The erring sister gave “her reasoning for her right to remarry”:
Her repentance of her adultery justified her through grace. Justification means “just as if it never happened.” So her adultery now is as if it never happened. Being no longer guilty of adultery, Matthew 19 does not refer or apply to her. God no longer “sees” her adultery, so she is free to marry as a first-time bride. Matthew 19 applies only to those who have not repented of their sins.
The mistaught sister worships in a congregation that “condones and encourages this relationship, fully aware of her previous sins,” a congregation “that parades and masquerades as the church.” “I mourn,” says my friend, “the loss of a sister.”
Those who have mistaught the sister do not understand the biblical meaning of the beautiful word “grace.” Indeed, “by the grace of God” Jesus died “for everyone” (Hebrews 2:9). But that does not mean universal salvation, for Jesus is “the source of eternal salvation” only to those “who obey him” (Hebrews 5:9).
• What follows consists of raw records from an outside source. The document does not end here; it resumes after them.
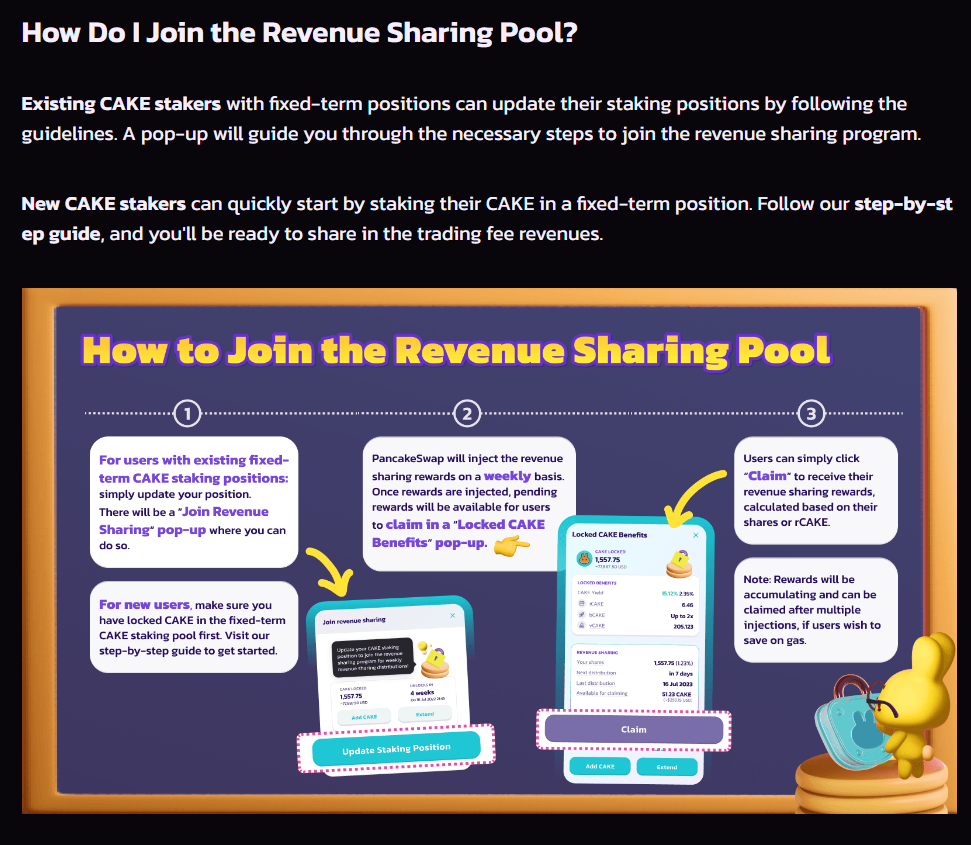 An image of a blog from PancakeSwap explaining the new revenue sharing feature. 
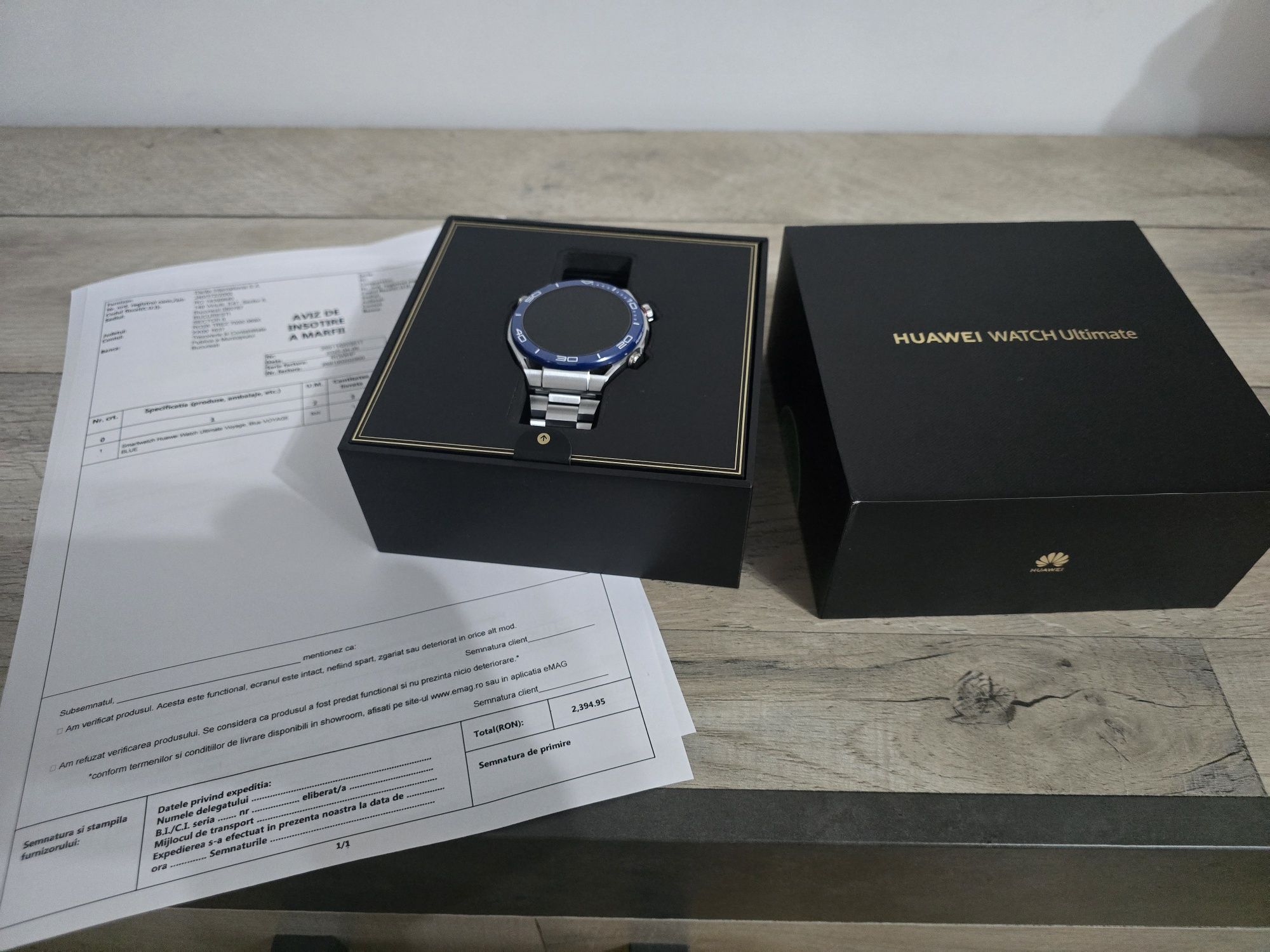 Huawei Watch Ultimate Voyage Blue , Factura si Garantie eMag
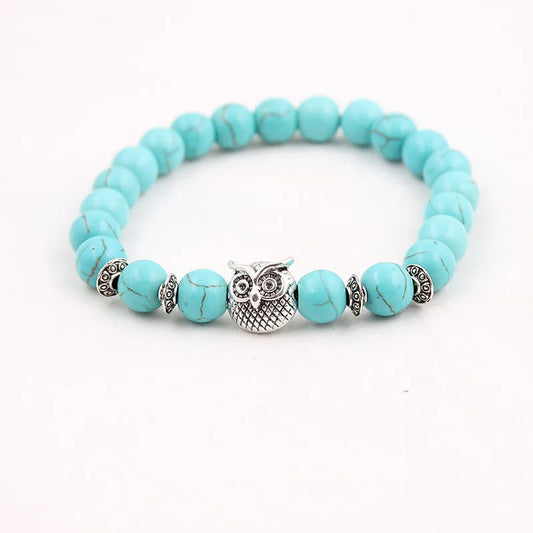 8mm Energy Weathered Agates Chakra Bracelet Yoga Owl Accessories Bracelet Turquoises Black volcanic stone Variety Choice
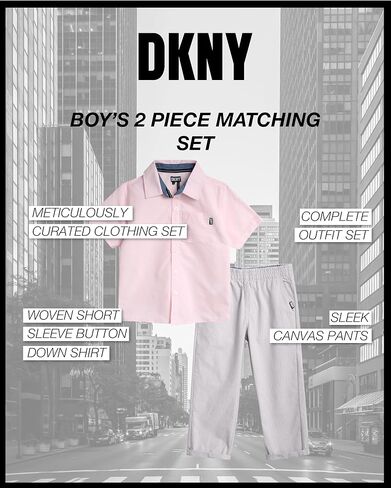 DKNY Boys' Pants Set - 2 Piece Woven Short Sleeve Button Down Shirt and Canvas Pants - Outfit Set for Toddler Boys (2T-7) in Saudi Arabia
The grace that brings “salvation to all men” saves only those who “deny ungodliness and worldly lusts,” saves only those who “live sensibly, righteously, and godly” (Titus 2:11-12).
If the Christian sister had divorced her husband because of his fornication, according to Jesus, she would have the right to remarry. But Jesus gave only one right reason for remarriage after a divorce (Matthew 19:9), which this erring sister does not claim. If Jesus is Lord, a remarriage for any other reason is adulterous. And not only is the erring sister now living in adultery, but she has caused her new husband to be living in adultery, for “whosoever marries a divorced woman commits adultery” (Matthew 5:32).
Someone has taught the sister that “her repentance of her adultery justified her through grace.” True, if she has repented, but biblical repentance is not simply sorrow for sin. Biblical repentance begins with “godly sorrow” (2 Corinthians 7:10), but it is not complete until one has quit his or her sin (Matthew 3:8). In her case she quit adultery with one man and then committed adultery again in her second marriage, for everyone divorcing and remarrying (without the one exception) “commits adultery” (Matthew 19:9).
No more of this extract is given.